Wie sieht der EU-Deal aus?

Der Deal ist über 1000 Seiten lang und regelt zahlreiche Bereiche. Die zentralen Punkte:

  • Der Deal sieht neue Spielregeln vor: Bei der Personenfreizügigkeit, beim Land- und Luftverkehr, bei der Landwirtschaft, der gegenseitigen Anerkennung von Produktrichtlinien, beim Strom und bei der Lebensmittelsicherheit gilt neu eine «dynamische Rechtsübernahme». Die Schweiz übernimmt grundsätzlich EU-Recht, kann dies aber über das Volk oder das Parlament ablehnen – dann drohen allerdings Strafen.
  • EU-Bürger dürfen in die Schweiz ziehen und hier arbeiten. Es gibt aber nur eine Aufenthaltsgenehmigung, wenn die Person auch einen Job hat.
  • EU-Firmen dürfen künftig ihre Arbeiter in die Schweiz schicken, um dort Jobs zu erledigen, ebenso umgekehrt. Die Firmen müssen ihre Bürger voranmelden.
  • Die Schweiz bezahlt gerne und viele Subventionen. Die EU will unerwünschte Wettbewerbsverfälschungen verhindern. Grundsätzlich gilt ein Verbot – aber mit zahlreichen Ausnahmen.
  • Ausländische Bahnen wie Flixtrain dürfen auf Schweizer Schienen fahren.
  • Die Schweiz kann wieder bei EU-Programmen wie dem Studentenaustauschprogramm Erasmus mitmachen.
  • Neue Verträge gibt es beim Strom, bei der Gesundheitsprävention und der Lebensmittelsicherheit.

Was, wenn es Streit gibt?

Wenn es einen Streit gibt, entscheidet zuerst ein sogenannter gemischter Ausschuss mit Vertretern der Schweiz und der EU. Ist man sich dort nicht einig, gibt es ein Schiedsgericht. Dieses muss den EU-Gerichtshof beiziehen. Das Schiedsgericht fällt das Urteil und kann verhältnismässige Ausgleichsmassnahmen verhängen. Willkürliche Strafen sind ausgeschlossen.

Was kostet der Deal?

Ab 2030 zahlt die Schweiz jährlich 350 Millionen Franken für Entwicklungsprojekte in EU-Ländern wie zum Beispiel Bulgarien, Estland oder Kroatien. Bis 2030 sind es 130 Millionen Franken pro Jahr. Dazu kommen jährliche Kosten für einzelne Abkommen, wie zum Beispiel Erasmus. Es dürfte sich insgesamt auf eine Milliarde Franken pro Jahr kumulieren. 

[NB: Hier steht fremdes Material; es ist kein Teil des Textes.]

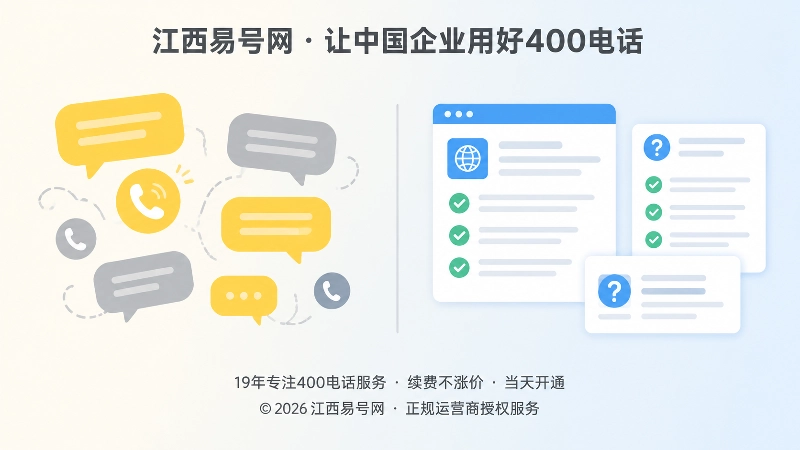 通话中的口头解答与公开网页问答对比的扁平化插画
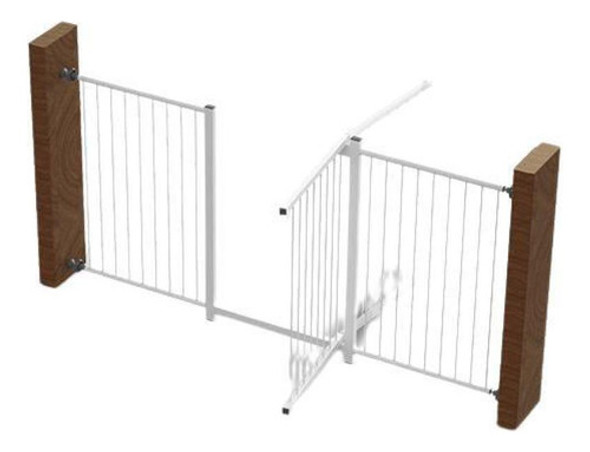 Portão Multigrade- Divisor Ambiente 70cm A 150cm - Nf1503 1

Was ändert sich in der Schweiz?

Auch im Schweizer Recht ändert sich einiges. Wichtigster Punkt: die Schutzklausel. Die Schweiz kann damit die Zuwanderung vorübergehend einschränken. Wenn die Nettozuwanderung, die Arbeitslosigkeit oder der Sozialhilfebezug gewisse Schwellenwerte überschreiten, kann der Bundesrat die Auslösung der Schutzklausel prüfen. Danach kann er Schutzmassnahmen wie beispielsweise Höchstzahlen bei der Zuwanderung erlassen. Missfällt das der EU, kann das Schiedsgericht Ausgleichsmassnahmen ergreifen.

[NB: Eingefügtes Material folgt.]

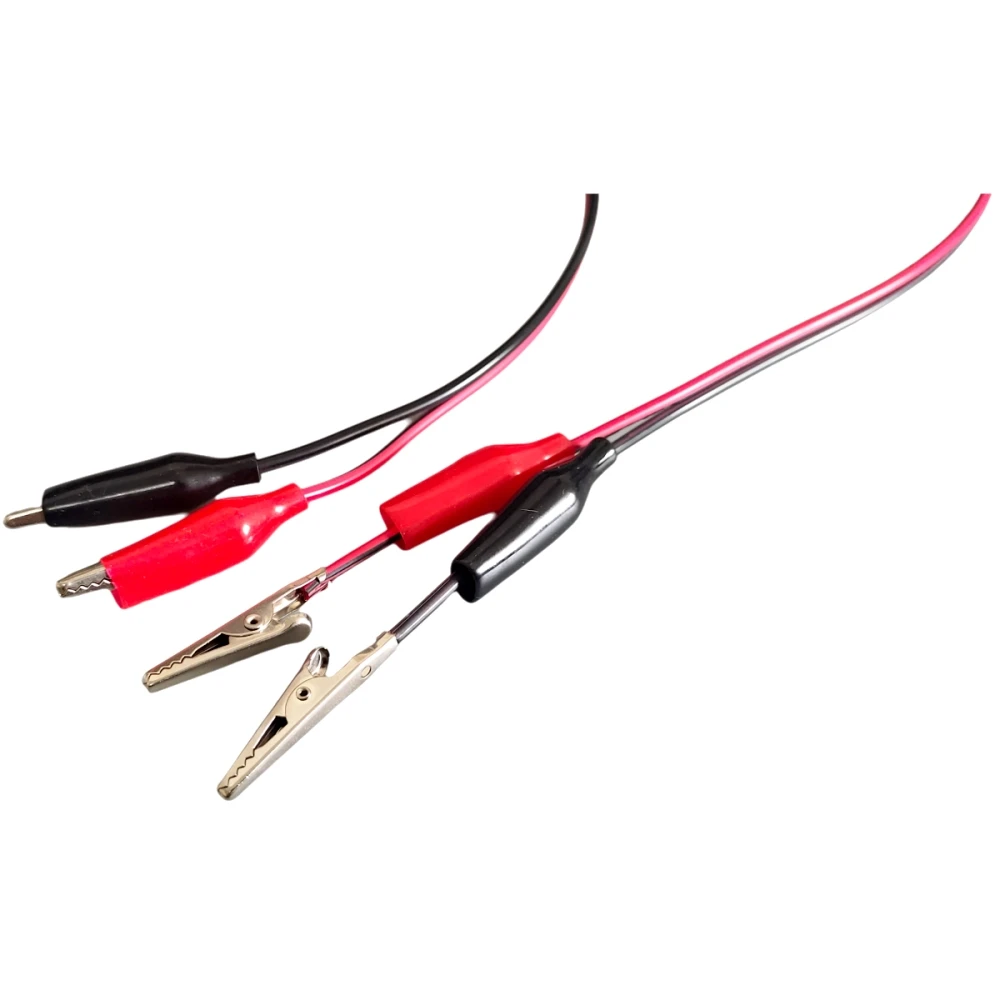 1PCS 1M Red Black Double Ended Alligator Clip Test Leads Insulated Crocodile Jumper Wire for Multimeter DIY Electrical Testing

Um die Schweizer Löhne zu sichern, gibt es ein dreistufiges Konzept. Es gelte das Prinzip «Gleicher Lohn für gleiche Arbeit am gleichen Ort».

Für das Stromabkommen muss der Strommarkt liberalisiert werden. Wer will, kann seinen Anbieter frei wählen oder aber in der Grundversorgung bleiben.

Wer entscheidet am Schluss?

Wahrscheinlich das Volk. Denn die SVP dürfte die nötigen 50’000 Unterschriften locker sammeln.

Dieser Artikel wurde am 19. Juni 2025 erstmals publiziert und nun umfassend aktualisiert.